Eric,
Thanks for posting your question, thereby eliciting some interesting comments and suggestions.
I took a quick look at the records and it seems to me at least part of the problem is with the record lengths (and probably fields lengths, too). When calculating record lengths for utf8 encoded records, one should be counting bytes, not characters. It looks like the stated length of at least some of your problem records refers to number of characters.
Mike
-----Original Message-----
From: Code for Libraries [mailto:[log in to unmask]] On Behalf Of Eric Lease Morgan
Sent: Thursday, October 07, 2010 1:53 PM
To: [log in to unmask]
Subject: Re: [CODE4LIB] unwanted (bogus) characters in marc
> How do I trap for unwanted (bogus) characters in MARC records?
Thank you for all of the interest, and a number of you have asked, "Show me a record." In that vein, I'm making the whole of my script available [1]. As long as you have the necessary Perl modules installed you should be able to run it.
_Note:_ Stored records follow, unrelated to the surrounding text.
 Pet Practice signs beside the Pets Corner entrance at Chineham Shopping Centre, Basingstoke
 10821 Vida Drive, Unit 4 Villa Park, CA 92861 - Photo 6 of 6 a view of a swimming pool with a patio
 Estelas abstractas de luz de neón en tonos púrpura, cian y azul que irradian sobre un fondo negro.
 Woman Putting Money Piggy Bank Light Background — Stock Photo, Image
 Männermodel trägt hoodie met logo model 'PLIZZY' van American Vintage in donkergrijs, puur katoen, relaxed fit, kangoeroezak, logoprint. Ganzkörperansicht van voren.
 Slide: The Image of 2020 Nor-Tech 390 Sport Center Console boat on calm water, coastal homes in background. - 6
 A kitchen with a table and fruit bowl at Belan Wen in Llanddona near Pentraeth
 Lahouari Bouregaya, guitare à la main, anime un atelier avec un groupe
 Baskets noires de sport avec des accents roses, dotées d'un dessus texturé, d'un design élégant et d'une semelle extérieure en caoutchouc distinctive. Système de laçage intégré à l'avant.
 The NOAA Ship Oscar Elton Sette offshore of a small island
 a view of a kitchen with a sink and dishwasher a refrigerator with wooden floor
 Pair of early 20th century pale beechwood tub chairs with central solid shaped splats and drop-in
Be forewarned. In its present state it will create about 500 MARC records in your local directory.
When and if you run the script and you have MARC::Record & friends installed, you should be able to run marcdump against them:
$ marcdump *.mrc
Most records seem just fine, but others make marcdump croak. Thus, the heart of my question lies in the following lines:
# save it
open MARC, " > $identifier.mrc" or die "Can't open $identifier.mrc: $!\n";
binmode MARC, ":utf8";
print MARC $response->content;
close MARC;
Are they sufficient for correctly saving the MARC records locally? Should/can I do some sort of check of $response->content before I call binmode and print? Should I use $response->decode_content instead?
[1] script - http://infomotions.com/tmp/harvest.pl
--
Eric Lease Morgan
Hesburgh Libraries, University of Notre Dame
(574) 631-8604
|